◆ Task to carry out ◆
From the first line to the last, restate the material word for word; pictures stay out.

◆ Recorded data ◆
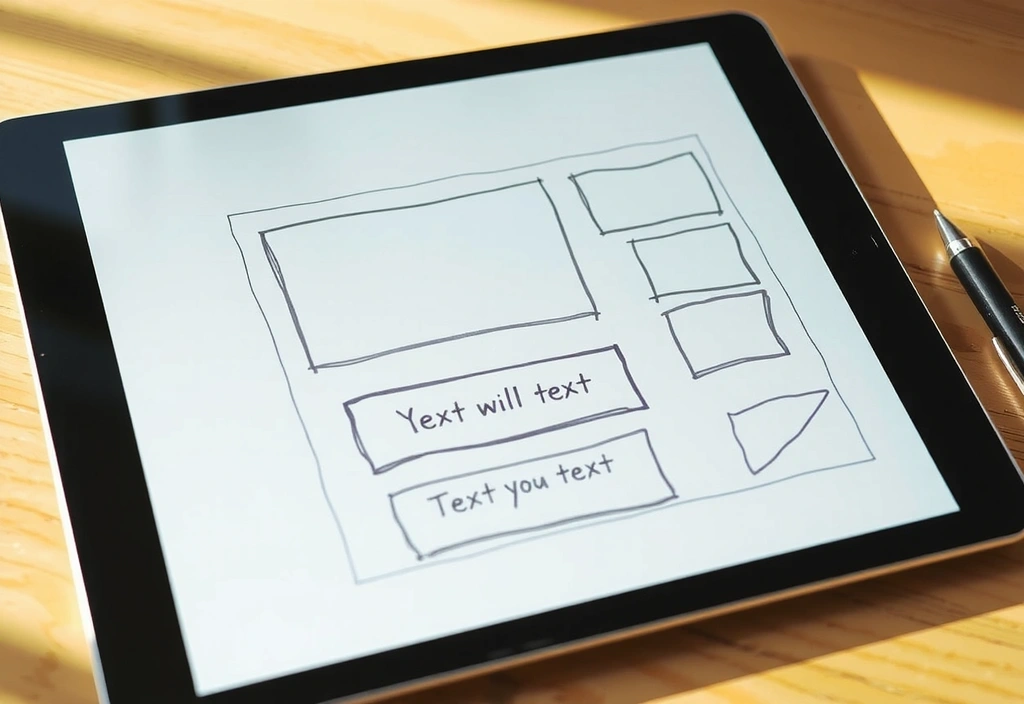 Low-fidelity wireframe sketch on tablet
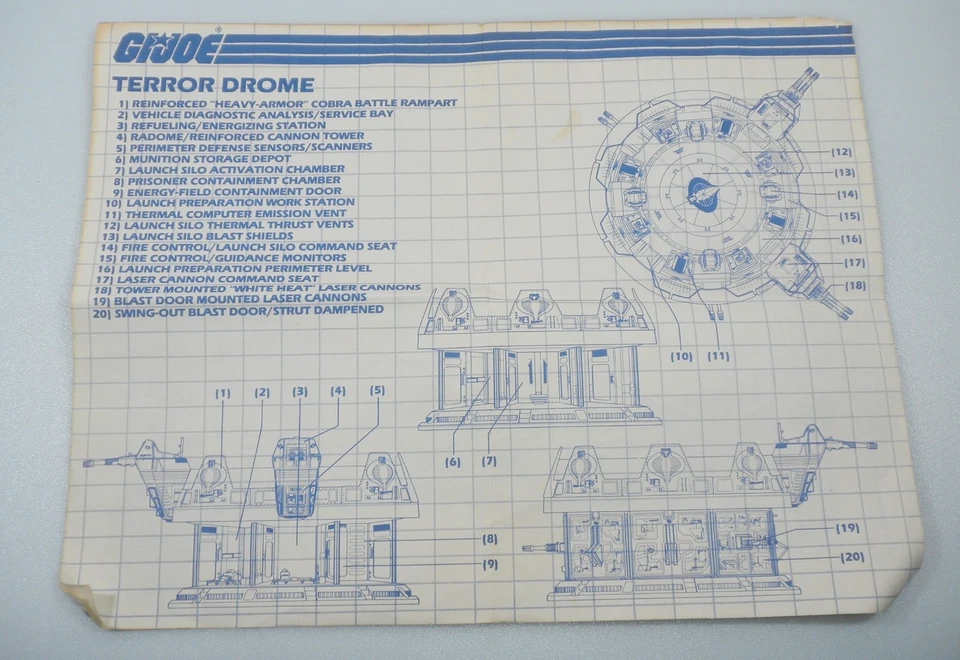 Cobra Terror Drome 1986 planos instrucciones vintage G.I. GI Joe Lote 3.75 ARAH Foto 1 de 3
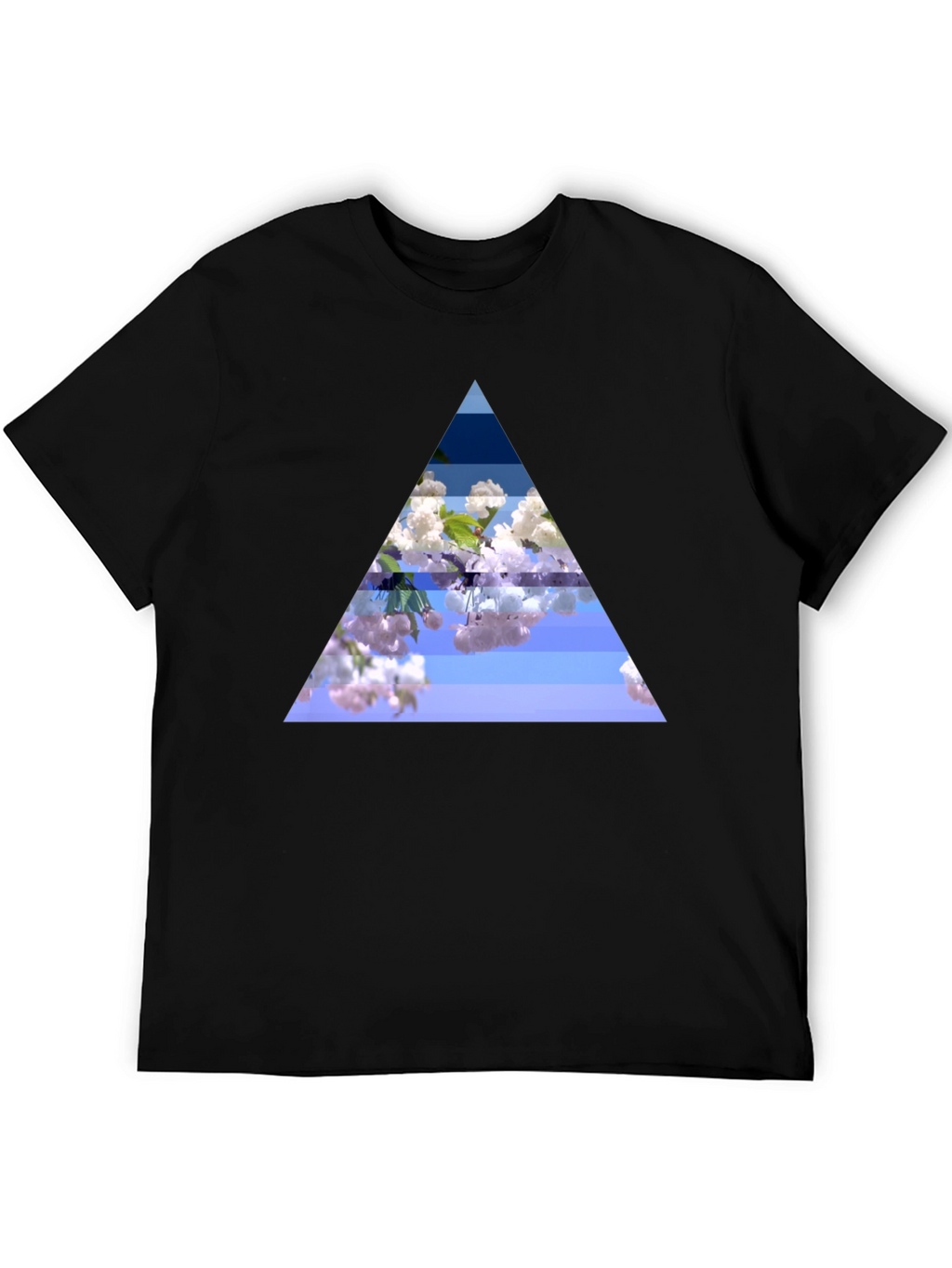 Floral Triangle Graphic Black T-Shirt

◆ Your response ◆
 Low-fidelity wireframe sketch on tablet
 Cobra Terror Drome 1986 planos instrucciones vintage G.I. GI Joe Lote 3.75 ARAH Foto 1 de 3
 Floral Triangle Graphic Black T-Shirt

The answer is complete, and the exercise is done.